Sylvestre-Didier Mavouenzela

Président de la Chambre de commerce, d’industrie, d’agriculture et des métiers de Pointe-Noire

« Si nous ne nous mobilisons pas, alors que nous sommes en danger, les autres ne le feront pas à notre place »   

BUSINESS ET FINANCES : Le forum sur l’économie verte en est à sa sixième édition à Pointe-Noire. Le fait qu’il continue à se tenir est-ce la preuve que la démarche est bien comprise par tous, c’est-à-dire vos partenaires, les institutions financières, le gouvernement, la population ? 
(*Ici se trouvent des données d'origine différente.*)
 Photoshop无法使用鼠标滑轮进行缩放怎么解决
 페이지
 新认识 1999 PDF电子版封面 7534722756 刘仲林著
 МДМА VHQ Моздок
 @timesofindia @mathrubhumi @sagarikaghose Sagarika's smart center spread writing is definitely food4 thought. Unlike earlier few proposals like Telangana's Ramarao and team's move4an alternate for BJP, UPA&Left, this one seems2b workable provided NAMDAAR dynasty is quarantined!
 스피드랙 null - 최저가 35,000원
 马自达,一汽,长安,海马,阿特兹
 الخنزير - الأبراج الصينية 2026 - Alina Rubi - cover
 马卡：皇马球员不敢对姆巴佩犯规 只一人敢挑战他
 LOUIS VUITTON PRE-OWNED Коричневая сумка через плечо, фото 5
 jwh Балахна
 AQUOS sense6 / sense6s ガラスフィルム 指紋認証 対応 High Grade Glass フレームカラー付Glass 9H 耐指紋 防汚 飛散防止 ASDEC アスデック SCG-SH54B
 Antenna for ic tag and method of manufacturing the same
SYLVESTRE-DIDIER MAVOUENZELA : Je peux dire que la notion d’économie verte est de plus en plus comprise. Mais il faut accentuer la sensibilisation. Nous sommes conscients que cette économie ne peut se développer qu’à travers la sensibilisation  et la réglementation. À travers le forum, nous mettons l’accent sur la sensibilisation. C’est pourquoi, au cours de cette sixième édition, nous avons insisté sur la mise en place d’une fiscalité incitative pour le développement de cette économie, tout en misant sur le lobbying pour que l’économie verte soit une réalité.  Je constate que, d’année en année, nous avons plus d’intervenants. On a eu d’abord la Communauté économique des États de l’Afrique centrale (CEEAC). Cette année l’Union africaine (UA) est venue. Sur le plan local, de plus en plus de cadres de différentes administrations sont intervenus. Des ministres également.  Mais tout cela ne suffit pas.

Pourquoi ?

Il y a quelques années, on parlait de fracture numérique en ce qui concerne les nouvelles technologies de l’information et de la communication. L’Afrique ne s’était pas mobilisée. Nous craignons que, demain, ce soit le cas pour l’économie verte et que l’on parle de fracture écologique. D’autant que c’est l’Afrique qui est parmi les plus vulnérables, les plus impuissants face aux dégâts environnementaux. Si nous ne nous mobilisons pas, alors que nous sommes en danger, les autres ne le feront pas à notre place. C’est le sens de notre engagement. Le forum devient, de plus en plus, un événement qui compte. Quoi qu’il en soit, un pays, pour se développer, a toujours besoin, de temps en temps, de se poser pour réfléchir.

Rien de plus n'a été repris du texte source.